Your reply should reproduce the data below without a single alteration, apart from dropping the images.

(Supplied information)

*****

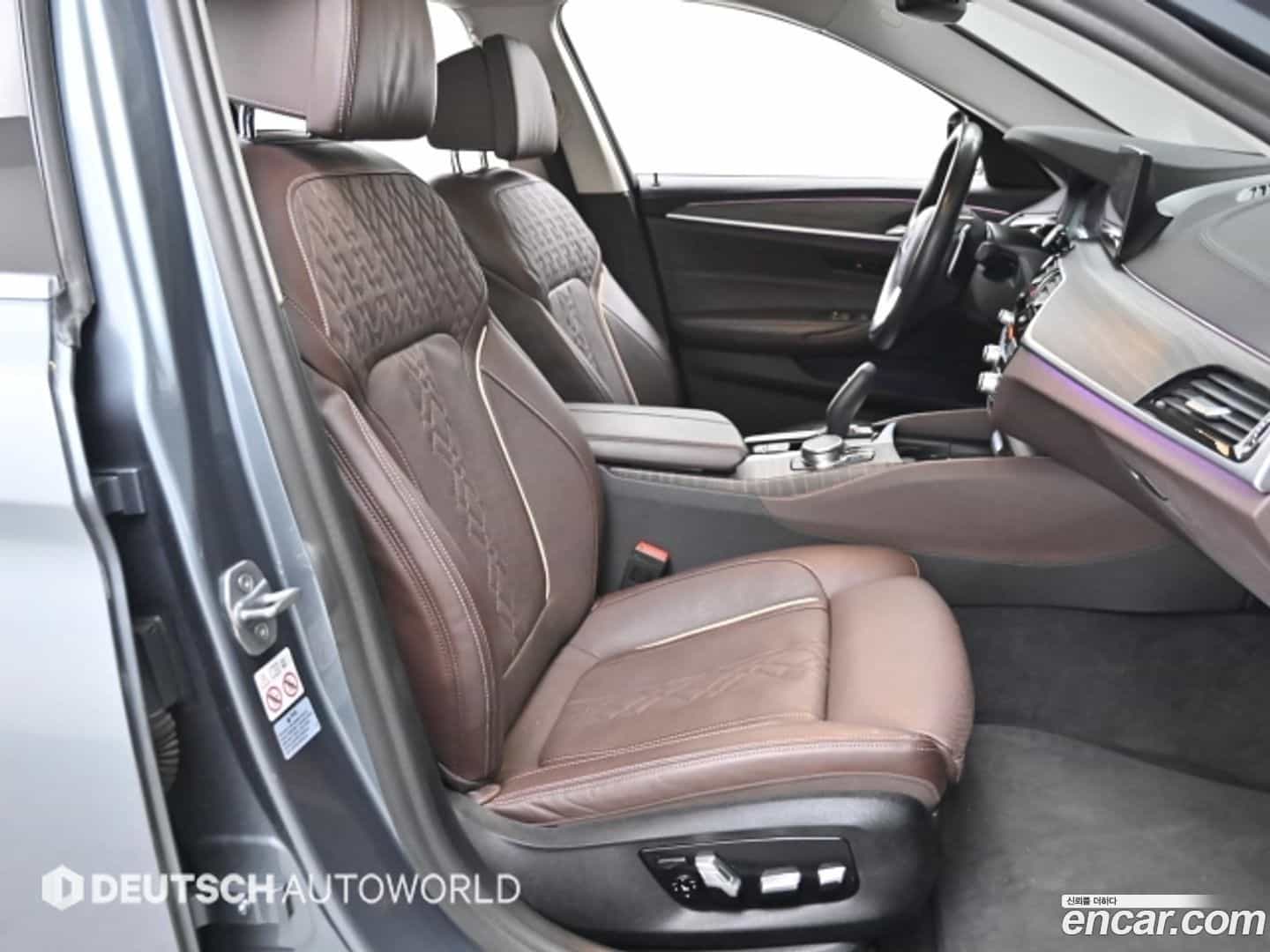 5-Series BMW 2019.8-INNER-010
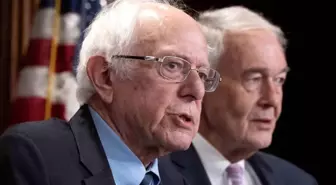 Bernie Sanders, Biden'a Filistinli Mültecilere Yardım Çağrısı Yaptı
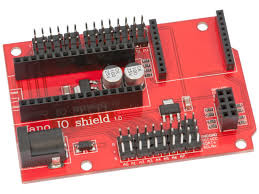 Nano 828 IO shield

*****

(Solution to the exercise)
 5-Series BMW 2019.8-INNER-010
 Bernie Sanders, Biden'a Filistinli Mültecilere Yardım Çağrısı Yaptı
 Nano 828 IO shield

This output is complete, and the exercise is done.